Why Robotics should be included in STEM education

In a world where the importance of technology is growing by the minute, it comes as no surprise that educators understand the importance of focusing on STEM subjects: science, technology, engineering and mathematics. Programming is already gaining popularity, but there is another area of knowledge that involves all four letters of the acronym and deserves more attention in a school system that truly means to keep up with the times: robotics.

A new kind of literacy

With the recent advances in robotics and AI, the workforce is undergoing an unprecedented shift: millions of jobs will be performed by robots instead of humans in the near future and millions of new ones will be created, giving people who understand robots a significant advantage on the job market. The robotics revolution is comparable to the advent of computers: a few decades ago, computers were specialised tools only a few people could use, while today, basic computer literacy is essential for functioning in our lives. It is reasonable to predict that the next step in the progression will be the emergence of a robotics literacy that everyone should possess in order to contribute to a society in which the role of robots is growing steadily larger.

Programming made fun

Robotics and programming go hand in hand: the essential trait for a device to be defined as a robot is to be programmable to follow instructions, so it is possible to design a programming curriculum without robotics, but it is not possible to conceive a robotics class without programming. The advantage of having a robotics program in school, however, is that compared to a programming class, a course on robotics enhances multiple skills at once.

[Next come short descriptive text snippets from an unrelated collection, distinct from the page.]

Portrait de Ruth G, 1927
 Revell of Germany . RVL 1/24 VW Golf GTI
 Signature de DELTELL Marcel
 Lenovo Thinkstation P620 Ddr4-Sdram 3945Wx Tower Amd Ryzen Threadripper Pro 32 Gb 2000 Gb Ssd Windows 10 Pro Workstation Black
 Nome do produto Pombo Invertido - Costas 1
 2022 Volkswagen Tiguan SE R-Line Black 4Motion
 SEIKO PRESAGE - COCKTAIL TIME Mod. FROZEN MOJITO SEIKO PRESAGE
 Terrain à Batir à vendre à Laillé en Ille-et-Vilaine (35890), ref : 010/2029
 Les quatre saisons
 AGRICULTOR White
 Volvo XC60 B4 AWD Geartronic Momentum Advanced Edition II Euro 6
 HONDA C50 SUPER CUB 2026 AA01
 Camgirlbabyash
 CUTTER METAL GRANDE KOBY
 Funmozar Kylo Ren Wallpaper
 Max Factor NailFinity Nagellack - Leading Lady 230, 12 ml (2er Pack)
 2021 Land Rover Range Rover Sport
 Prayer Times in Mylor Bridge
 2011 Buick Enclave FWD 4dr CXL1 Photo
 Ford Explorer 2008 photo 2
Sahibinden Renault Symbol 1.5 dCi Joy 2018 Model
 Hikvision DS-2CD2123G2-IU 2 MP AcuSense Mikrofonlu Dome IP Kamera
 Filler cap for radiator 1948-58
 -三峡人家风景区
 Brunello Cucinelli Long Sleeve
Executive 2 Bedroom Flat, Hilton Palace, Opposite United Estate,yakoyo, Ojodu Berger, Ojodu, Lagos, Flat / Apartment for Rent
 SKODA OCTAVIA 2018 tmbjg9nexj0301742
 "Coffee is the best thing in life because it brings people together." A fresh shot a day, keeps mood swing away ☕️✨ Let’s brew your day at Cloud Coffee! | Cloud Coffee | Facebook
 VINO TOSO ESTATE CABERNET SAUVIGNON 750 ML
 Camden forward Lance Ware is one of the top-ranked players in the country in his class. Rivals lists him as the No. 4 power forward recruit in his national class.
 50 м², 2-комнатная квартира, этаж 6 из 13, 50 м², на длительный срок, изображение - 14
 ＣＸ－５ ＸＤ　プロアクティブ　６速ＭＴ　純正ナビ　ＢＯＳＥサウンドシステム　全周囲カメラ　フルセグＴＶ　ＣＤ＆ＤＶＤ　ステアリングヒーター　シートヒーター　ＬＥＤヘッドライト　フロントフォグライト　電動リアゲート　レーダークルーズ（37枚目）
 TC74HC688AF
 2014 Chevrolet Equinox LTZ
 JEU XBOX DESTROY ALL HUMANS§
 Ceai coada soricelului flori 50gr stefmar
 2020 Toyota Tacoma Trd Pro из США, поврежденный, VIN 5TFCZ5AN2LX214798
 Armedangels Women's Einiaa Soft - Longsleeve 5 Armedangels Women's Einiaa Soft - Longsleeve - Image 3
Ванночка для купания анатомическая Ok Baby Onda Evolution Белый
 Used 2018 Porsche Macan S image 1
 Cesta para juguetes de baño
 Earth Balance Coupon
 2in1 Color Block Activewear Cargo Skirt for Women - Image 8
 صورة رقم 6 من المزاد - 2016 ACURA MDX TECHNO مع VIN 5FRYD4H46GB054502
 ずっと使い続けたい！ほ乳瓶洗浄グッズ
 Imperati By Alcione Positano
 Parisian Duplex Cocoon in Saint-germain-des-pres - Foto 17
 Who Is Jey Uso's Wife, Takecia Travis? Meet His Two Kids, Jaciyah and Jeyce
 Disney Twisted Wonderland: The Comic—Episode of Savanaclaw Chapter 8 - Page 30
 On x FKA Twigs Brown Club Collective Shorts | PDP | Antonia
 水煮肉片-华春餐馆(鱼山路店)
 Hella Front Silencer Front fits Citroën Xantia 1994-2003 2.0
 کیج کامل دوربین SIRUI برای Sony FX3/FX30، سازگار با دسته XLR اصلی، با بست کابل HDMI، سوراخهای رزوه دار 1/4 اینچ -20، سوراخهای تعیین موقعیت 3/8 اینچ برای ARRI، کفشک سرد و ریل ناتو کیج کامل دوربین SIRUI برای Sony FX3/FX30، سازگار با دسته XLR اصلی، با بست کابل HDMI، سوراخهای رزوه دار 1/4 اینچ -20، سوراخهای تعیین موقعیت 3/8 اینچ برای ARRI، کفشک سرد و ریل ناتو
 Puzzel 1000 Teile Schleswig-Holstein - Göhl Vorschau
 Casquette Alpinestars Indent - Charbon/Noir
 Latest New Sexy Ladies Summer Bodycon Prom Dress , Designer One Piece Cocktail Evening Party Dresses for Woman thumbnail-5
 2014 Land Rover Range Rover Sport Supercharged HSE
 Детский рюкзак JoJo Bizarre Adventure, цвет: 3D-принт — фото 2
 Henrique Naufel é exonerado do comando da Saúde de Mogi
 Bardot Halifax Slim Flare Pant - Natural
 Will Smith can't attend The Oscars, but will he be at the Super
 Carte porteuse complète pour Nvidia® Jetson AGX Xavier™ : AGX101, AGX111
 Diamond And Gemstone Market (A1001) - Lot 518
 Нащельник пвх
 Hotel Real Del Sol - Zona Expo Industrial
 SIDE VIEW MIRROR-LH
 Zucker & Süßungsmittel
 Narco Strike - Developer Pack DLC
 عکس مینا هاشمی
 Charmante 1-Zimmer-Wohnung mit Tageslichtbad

  • Fine motor skills: if the students are involved not just in programming, but also in physically building their robots, then robotics is a subject that keeps up with the latest technology trends while keeping them away from screens and encouraging them to use their hands and learn by doing.
  • Teamwork: the many phases of building, programming and testing a robot are usually performed by a team, which teaches students to work together for a common goal.
  • Thinking outside the box: creating a robot from scratch sharpens the students’ creativity and problem-solving abilities by giving them a task to perform and showing them that there are several valid ways to do it. Students are in complete control of the process, which keeps them engaged and attentive and makes the project rewarding and fun.
  • Perseverance: a robot built by a team of students likely will not work correctly on their first try. Assembling and programming a robot is a trial and error process that teaches the patience and humility to retrace your steps and correct your own mistakes, and a healthy dose of stubbornness that drives you to try harder next time.

Going to school from home

A robotics class is not the only way school and robots can interact fruitfully: a robot controlled by a student can be an effective strategy to attend school from a distance. This is called telepresence and can be a blessing for students who cannot be present in class because leaving their house or hospital room would be physically impossible or highly dangerous for their health, as is the case with people suffering from immune system disorders that make them unable to interact with common, non-sterilised environments.

A telepresence robot is a computer-controlled device that can move at the user’s command and represent them by showing their face on an embedded screen and showing them the environment in turn, allowing a certain degree of interaction such as navigating the building and having conversations. The principle is similar to a video conference, but with the added bonus that a robot is not bound to a single room and can effectively substitute for the user’s presence and give them an experience that is as close as possible to real attendance, both in academics and in social interaction with their peers, who no longer have to feel like their friend is gone once they get used to talking to a screen on wheels instead of a person—a piece of science fiction come true.